Le drapeau est l’un des plus puissants moyens de communication politique. Sa grande efficacité tient au fait que, par simple effet visuel, il peut synthétiser une réalité, cristalliser avec force une idée. À plus forte raison, lorsqu’arboré par une institution publique, il faut s’en tenir à la réalité politique ou constitutionnelle et éviter de se mettre en porte-à-faux: retirer un drapeau est une opération aussi lourde de signification que le fait d’en installer un là où il ne faut pas. C’est donc dans le but d’éviter le plus possible les imbroglios politiques ou les accrocs diplomatiques que de telles règles ont été décrétées.
Cette pratique adoptée par l’administration montréalaise doit être corrigée. Premièrement : ce qui est communément dénommé «drapeau de Montréal» est au sens de la loi du Québec, une «bannière». Il ne s’agit donc pas ici d’un simple détail de sémantique. L’article 1 du Règlement sur le drapeau (D-12.1, r. 2) déclare qu’« à titre d’emblème national, le drapeau du Québec doit être déployé de façon officielle par une institution publique ou un établissement relevant de l’Administration gouvernementale afin d’identifier son appartenance à cette dernière». L’article 4 vient préciser ce principe en ordonnant que le drapeau du Québec soit déployé non seulement sur l’édifice où siège le conseil d’une municipalité, mais aussi « en tout lieu où cette dernière déploie sa bannière ». Ces dispositions ont préséance sur toute réglementation ou pratique municipale.

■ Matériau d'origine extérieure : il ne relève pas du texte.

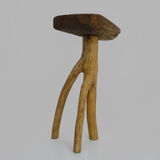 Tripod trading stool, peasant art Ariège, France (nineteenth century)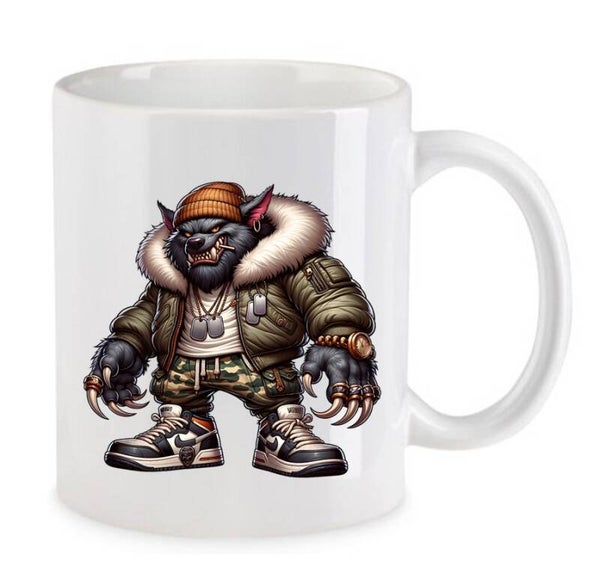 Tasse Fun Film Comic Action Spass Weiß mit Druck (Siehe Foto) TFBG519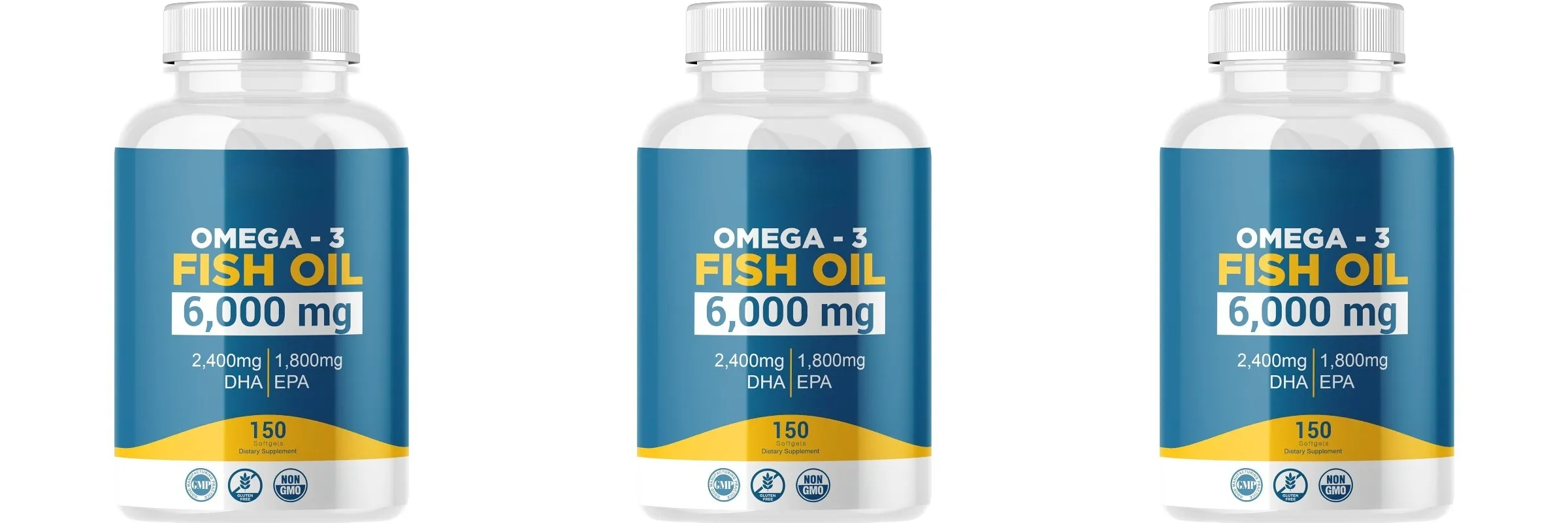 Omega 3 halolaj lágyzselé, nagy hatékonyságú EPA DHA napi étrend-kiegészítő felnőtteknek Támogatja az ízületek immunrendszerét 150 lágyzselé, nem GMO — image 10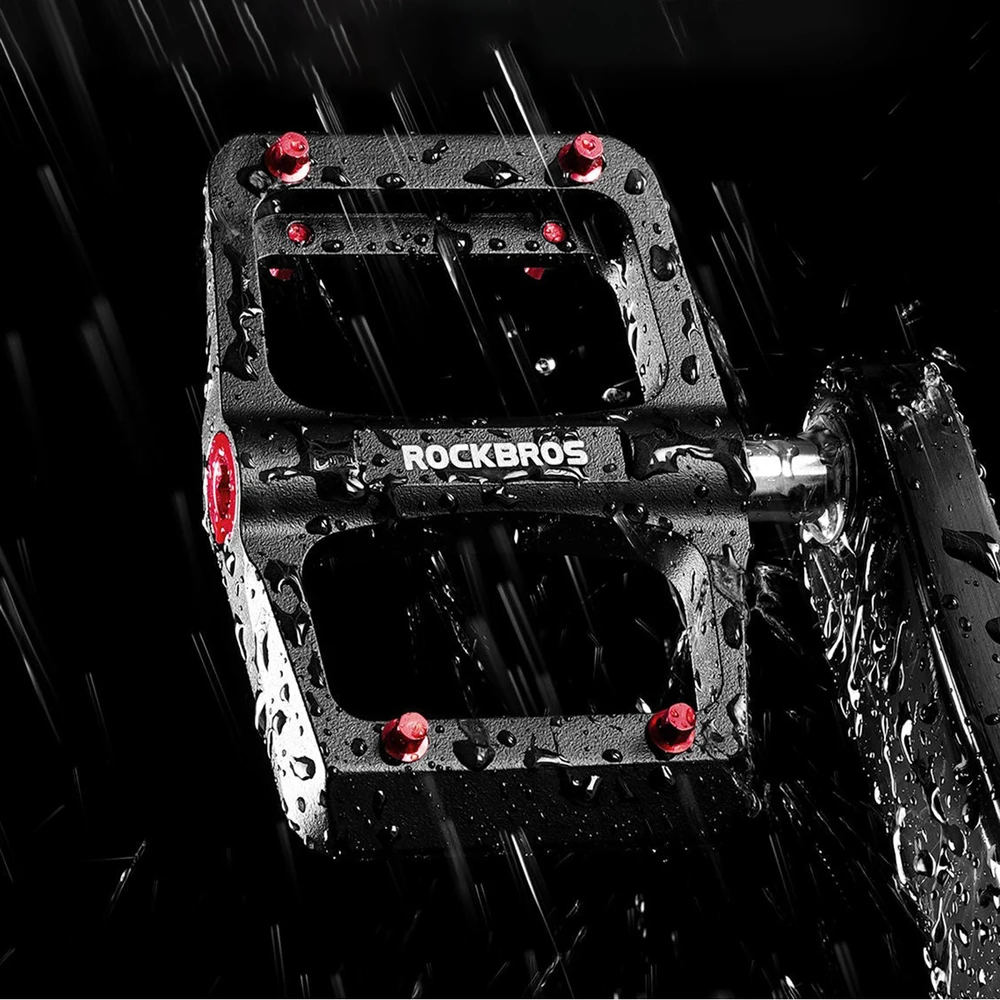 Rockbros BP2603 platforminiai dviračių pedalai su titano ašimi ir magnio lydinio guoliais - Juodas
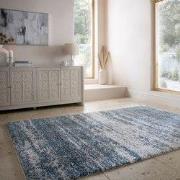 Hoogpolig Vloerkleed Dune Ombre - Blauw - 80x150 cm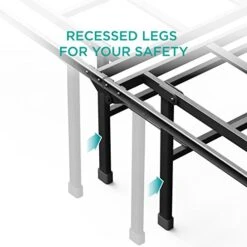 INUS SmartBase Super Heavy Duty Mattress Foundation With 4400lbs Weight Capacity / 14 Inch Metal Platform Bed Frame / No Box Spring Needed / Sturdy Steel Frame / Underbed Storage, King -Delta Children Shop 51gYOjtwo8L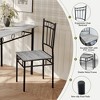 Dyonery 5 Piece Dining Table Set, Wood Kitchen Table and Chairs for Small Space,Breakfast Nook - 4 of 4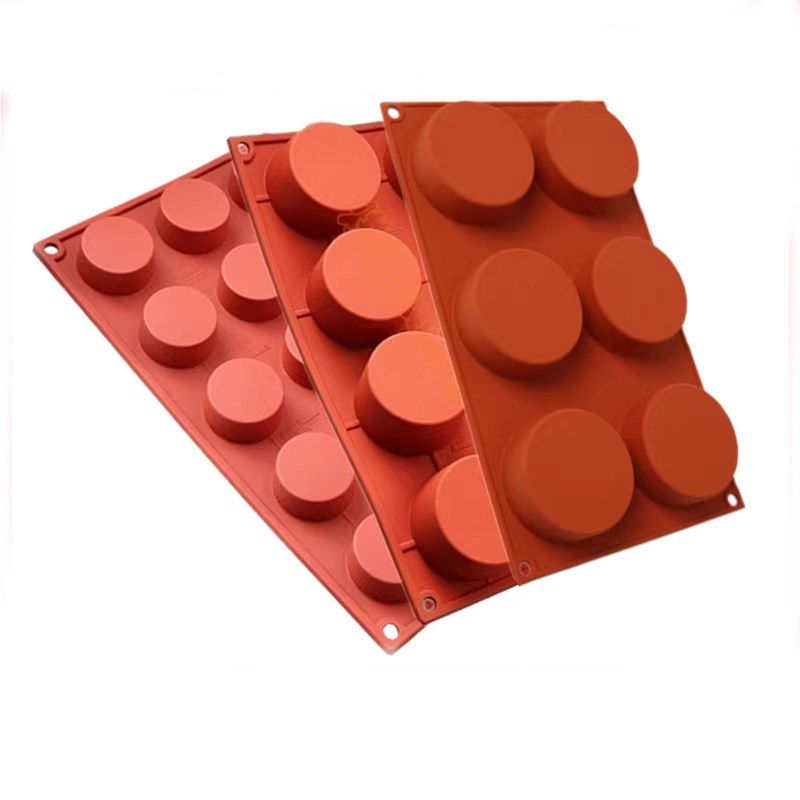 意大利Silikomart圆柱形硅胶模布丁慕斯磨具SF119/027/SF028/204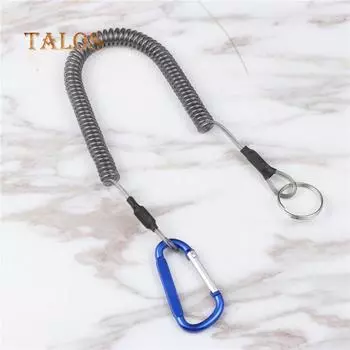 Рыболовный талреп TALOS с карабином чёрный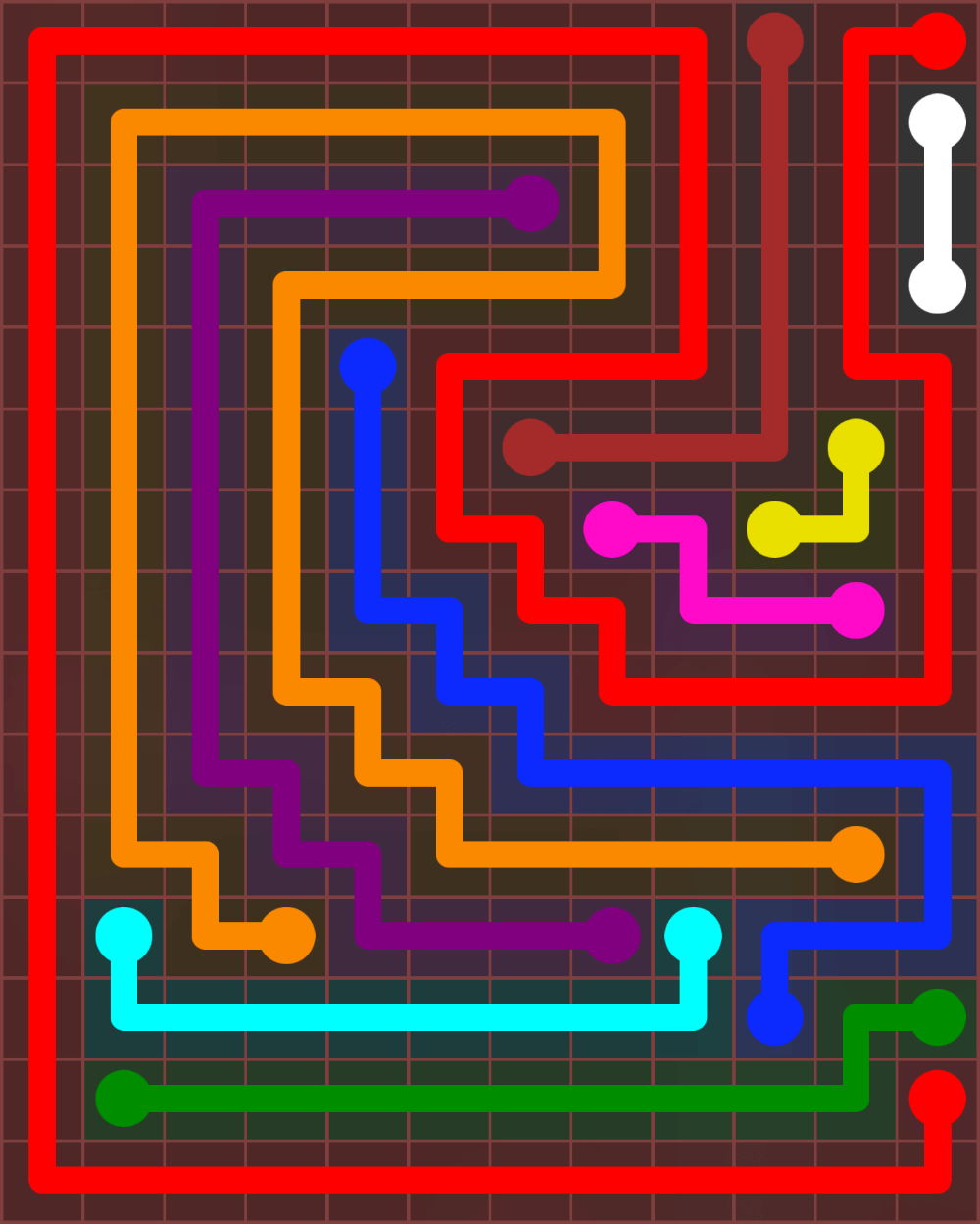 Flow Free 6956 Solution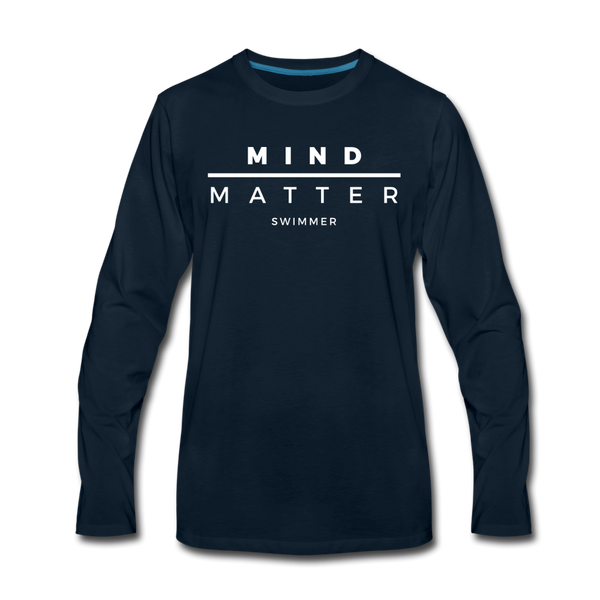 MM Swimmer- Men's Premium Long Sleeve T-Shirt - deep navy
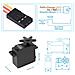 1 Pezzo Mg995 Torque Servo Motore Con Puleggia Metallo Per Rc Auto Barca Elicottero - Foto miniatura 2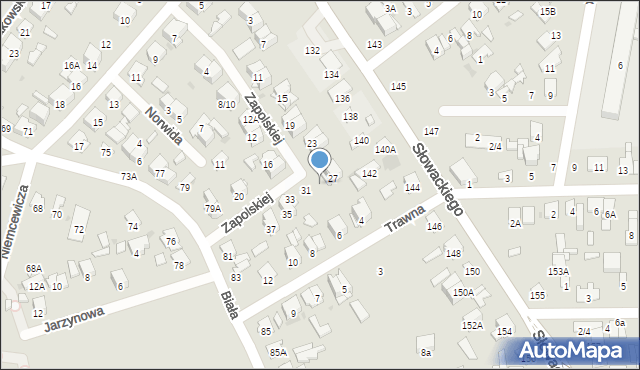 Radom, Zapolskiej Gabrieli, 29, mapa Radomia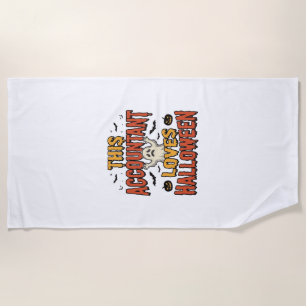 Halloween Boekhouder Vintage Ghost T-shirt Ontwerp Strandlaken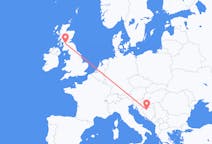 Flights from Banja Luka, Bosnia & Herzegovina to Glasgow, the United Kingdom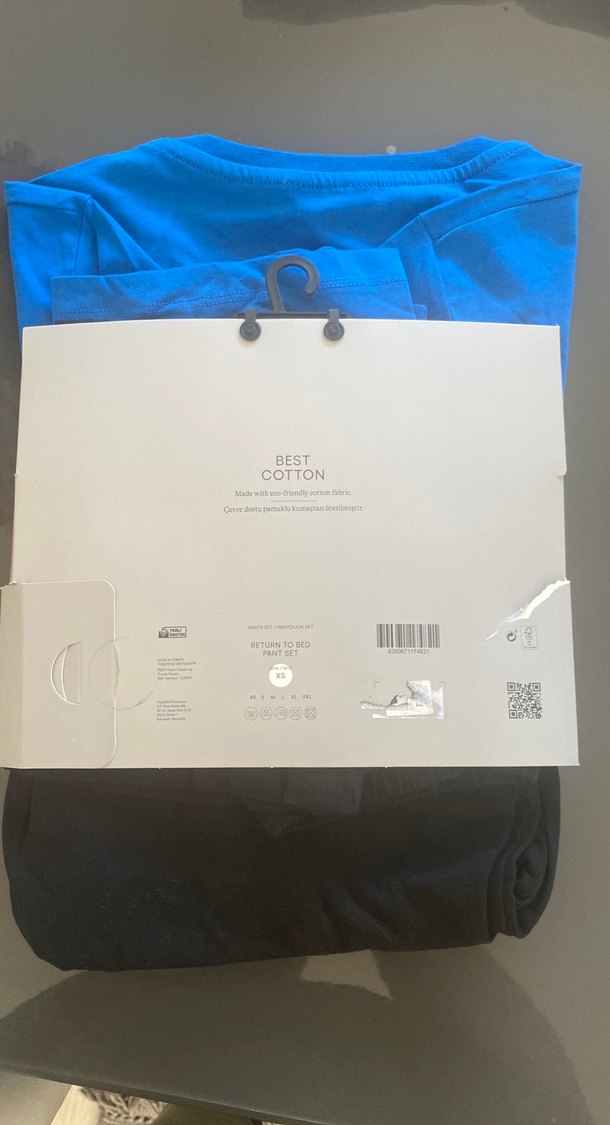 Penti Mavi Baskılı Pamuklu Kısa Kollu Hamile Tişörtü - Görsel 3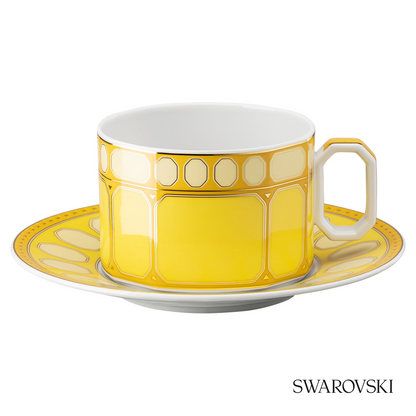 Swarovski Signum teacup with saucer, Yellow – item 5648536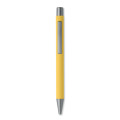 Stylo bille aluminium recycl&eacute; Jaune
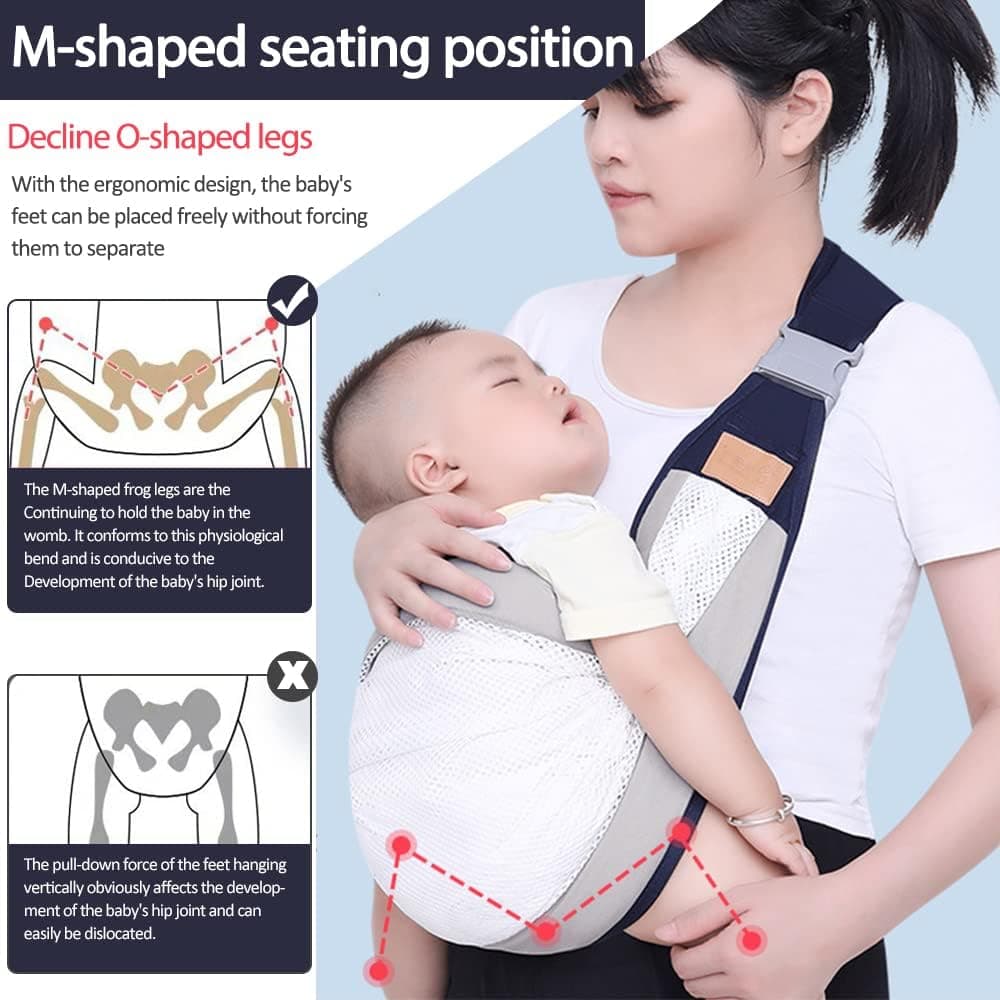 Écharpe à double usage pour nouveau-né 0-36M en tissu maillé - Maternité - صورة 2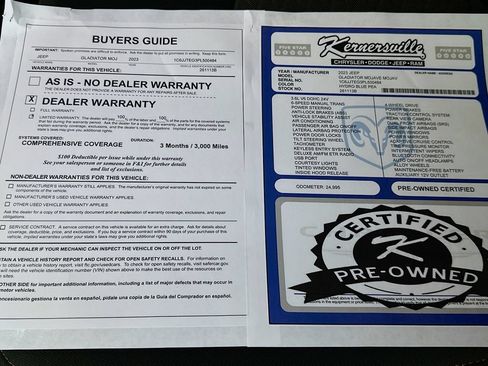 Used 2023 Jeep Gladiator Mojave AWD/4WD image 36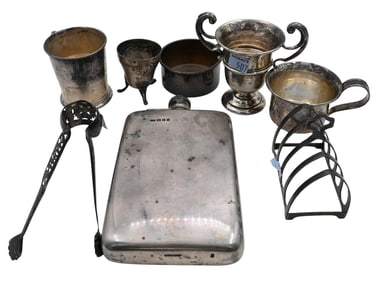 Eight Piece Group of Sterling and Continental Silver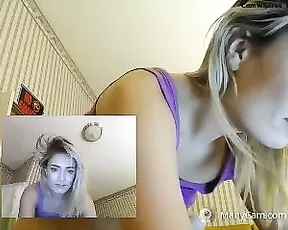 BM1 - girl using bedpost as sex toy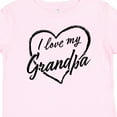 thumbnail image 4 of Inktastic I Love My Grandpa in Black Chalk Heart Boys or Girls Baby T-Shirt, 4 of 5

Le statut de métropole accordé à Montréal par l’adoption de la Loi 121, est loin, très loin de lui conférer un statut de «Cité-État», auquel certains ont rêvé. Ses pouvoirs sont demeurés contenus dans les seules limites de «ceux que le gouvernement du Québec lui délègue». Montréal n’est pas Hong Kong, ni Dubaï, elle ne peut donc délibérément propager l’illusion qu’elle a la capacité de traiter d’égal à égal avec un État constitué.
On ne saurait nier que dans certains cercles, on voudrait sortir Montréal du Québec. Un des objectifs fut d’abord de porter un coup durable à ce statut constitutionnalisé d’administrations déléguées qui constitue la pierre d’assise de notre régime municipal. L’ex-maire et ex-ministre fédéral Denis Coderre fut un des partisans d’un amendement constitutionnel à cette fin. Le gouvernement du Québec a dit non à une telle proposition.
Monsieur Coderre a également été le premier à soutenir cette idée de «Cité-État» pour sa ville, c’est-à-dire un espace géographique contrôlé de façon quasi exclusive par son conseil municipal, donc possédant sa propre souveraineté. Espère-on pouvoir un jour échapper aux politiques linguistiques et d’immigrations du Québec? Une façon de se démarquer ou se désaffilier du reste des régions? On peut déjà observer que de plus en plus de Montréalais ne s’identifient plus au Québec en se disant «uniquement Montréalais».
Le gouvernement du Québec a une obligation de réunification et promotion d’unité à ce chapitre.
En vertu du Décret 29-2016, vous êtes, la ministre chargée de l’application de la Loi sur le drapeau et emblèmes du Québec et de son règlement. C’est à ce titre qu’il vous est demandé de voir à ce que la ville de Montréal, à l’instar des institutions et organismes publics visés par le Règlement sur le drapeau du Québec, se conforme aux dispositions promulguées à cette fin.
Vous remerciant de votre attention, je vous prie, madame la Ministre d’agréer l’expression de mes sentiments distingués.
Pierre-Paul Sénéchal
Ex-conseiller, gouvernement du Québec
Rencontre officielle entre le maire de Toronto et le Premier ministre Trudeau. Le drapeau de l’Ontario accompagne la bannière municipale.